Stored data

Start of Block

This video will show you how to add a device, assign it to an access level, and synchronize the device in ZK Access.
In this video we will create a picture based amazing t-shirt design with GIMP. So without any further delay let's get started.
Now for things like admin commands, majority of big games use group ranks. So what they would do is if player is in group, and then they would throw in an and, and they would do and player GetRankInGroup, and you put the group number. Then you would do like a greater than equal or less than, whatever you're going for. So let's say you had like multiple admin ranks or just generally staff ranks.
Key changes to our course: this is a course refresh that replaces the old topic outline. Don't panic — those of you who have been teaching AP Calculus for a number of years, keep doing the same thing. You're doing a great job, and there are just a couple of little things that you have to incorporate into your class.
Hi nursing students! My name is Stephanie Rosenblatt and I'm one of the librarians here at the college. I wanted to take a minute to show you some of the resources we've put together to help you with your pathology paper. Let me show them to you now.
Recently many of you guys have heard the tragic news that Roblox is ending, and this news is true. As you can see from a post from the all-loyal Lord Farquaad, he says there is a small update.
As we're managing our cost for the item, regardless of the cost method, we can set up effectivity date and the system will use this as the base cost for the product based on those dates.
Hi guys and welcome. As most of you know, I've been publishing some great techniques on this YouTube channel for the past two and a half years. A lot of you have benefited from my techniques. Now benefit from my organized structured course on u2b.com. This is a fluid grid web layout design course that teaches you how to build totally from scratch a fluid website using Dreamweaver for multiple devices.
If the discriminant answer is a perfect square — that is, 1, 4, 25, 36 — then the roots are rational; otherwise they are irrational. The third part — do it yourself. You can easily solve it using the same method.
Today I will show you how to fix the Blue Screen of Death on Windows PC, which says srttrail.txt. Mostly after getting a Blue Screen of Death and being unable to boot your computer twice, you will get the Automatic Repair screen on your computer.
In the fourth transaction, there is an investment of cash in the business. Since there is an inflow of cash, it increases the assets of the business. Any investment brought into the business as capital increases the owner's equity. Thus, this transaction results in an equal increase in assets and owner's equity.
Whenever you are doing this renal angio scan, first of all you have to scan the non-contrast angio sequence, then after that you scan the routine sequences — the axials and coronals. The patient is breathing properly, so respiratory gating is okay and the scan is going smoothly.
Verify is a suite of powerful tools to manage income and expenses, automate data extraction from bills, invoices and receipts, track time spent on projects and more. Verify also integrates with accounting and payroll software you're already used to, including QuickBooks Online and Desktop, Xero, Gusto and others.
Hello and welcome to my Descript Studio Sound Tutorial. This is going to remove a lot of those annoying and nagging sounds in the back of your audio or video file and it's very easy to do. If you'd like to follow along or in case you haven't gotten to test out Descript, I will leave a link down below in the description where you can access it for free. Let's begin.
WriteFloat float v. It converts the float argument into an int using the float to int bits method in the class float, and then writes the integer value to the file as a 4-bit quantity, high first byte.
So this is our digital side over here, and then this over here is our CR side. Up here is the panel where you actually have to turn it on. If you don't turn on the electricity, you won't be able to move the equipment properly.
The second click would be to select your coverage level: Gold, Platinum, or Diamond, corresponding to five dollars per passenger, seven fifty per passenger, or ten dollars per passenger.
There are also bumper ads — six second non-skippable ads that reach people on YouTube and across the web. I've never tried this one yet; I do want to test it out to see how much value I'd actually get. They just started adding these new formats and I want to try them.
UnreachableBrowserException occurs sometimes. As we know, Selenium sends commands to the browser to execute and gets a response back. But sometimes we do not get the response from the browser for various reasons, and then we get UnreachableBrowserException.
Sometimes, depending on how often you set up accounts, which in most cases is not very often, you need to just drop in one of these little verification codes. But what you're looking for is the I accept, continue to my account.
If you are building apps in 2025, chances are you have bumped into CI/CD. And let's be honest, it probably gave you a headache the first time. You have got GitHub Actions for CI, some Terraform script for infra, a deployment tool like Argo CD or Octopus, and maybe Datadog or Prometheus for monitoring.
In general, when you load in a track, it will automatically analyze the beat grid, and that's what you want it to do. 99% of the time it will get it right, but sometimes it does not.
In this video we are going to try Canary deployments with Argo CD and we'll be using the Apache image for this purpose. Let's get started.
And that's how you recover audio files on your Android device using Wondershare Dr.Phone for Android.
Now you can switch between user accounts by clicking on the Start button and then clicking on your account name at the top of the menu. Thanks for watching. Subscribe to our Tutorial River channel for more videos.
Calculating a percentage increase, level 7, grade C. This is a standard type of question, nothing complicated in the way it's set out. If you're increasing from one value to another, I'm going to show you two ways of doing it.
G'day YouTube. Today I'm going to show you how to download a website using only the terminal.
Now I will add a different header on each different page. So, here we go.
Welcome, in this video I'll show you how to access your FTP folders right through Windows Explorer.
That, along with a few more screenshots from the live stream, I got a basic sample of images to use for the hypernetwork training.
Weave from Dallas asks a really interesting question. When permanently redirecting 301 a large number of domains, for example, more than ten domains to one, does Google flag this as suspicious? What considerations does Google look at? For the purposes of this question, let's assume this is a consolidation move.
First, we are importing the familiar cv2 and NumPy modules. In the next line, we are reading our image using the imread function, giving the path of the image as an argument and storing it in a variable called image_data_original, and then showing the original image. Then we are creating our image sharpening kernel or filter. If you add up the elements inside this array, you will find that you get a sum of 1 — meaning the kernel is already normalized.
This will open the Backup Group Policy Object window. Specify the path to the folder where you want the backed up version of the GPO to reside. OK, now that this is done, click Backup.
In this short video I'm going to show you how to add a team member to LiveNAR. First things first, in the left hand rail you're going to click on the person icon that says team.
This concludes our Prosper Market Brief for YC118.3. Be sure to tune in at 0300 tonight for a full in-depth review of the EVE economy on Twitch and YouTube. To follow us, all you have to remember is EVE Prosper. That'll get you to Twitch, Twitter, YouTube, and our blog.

End of Block

What needs to be done
Using the records above, restate word for word the lines from the one with "If you are building" through the one with "Now I will add", both included.

Solved exercise
If you are building apps in 2025, chances are you have bumped into CI/CD. And let's be honest, it probably gave you a headache the first time. You have got GitHub Actions for CI, some Terraform script for infra, a deployment tool like Argo CD or Octopus, and maybe Datadog or Prometheus for monitoring.
In general, when you load in a track, it will automatically analyze the beat grid, and that's what you want it to do. 99% of the time it will get it right, but sometimes it does not.
In this video we are going to try Canary deployments with Argo CD and we'll be using the Apache image for this purpose. Let's get started.
And that's how you recover audio files on your Android device using Wondershare Dr.Phone for Android.
Now you can switch between user accounts by clicking on the Start button and then clicking on your account name at the top of the menu. Thanks for watching. Subscribe to our Tutorial River channel for more videos.
Calculating a percentage increase, level 7, grade C. This is a standard type of question, nothing complicated in the way it's set out. If you're increasing from one value to another, I'm going to show you two ways of doing it.
G'day YouTube. Today I'm going to show you how to download a website using only the terminal.
Now I will add a different header on each different page. So, here we go.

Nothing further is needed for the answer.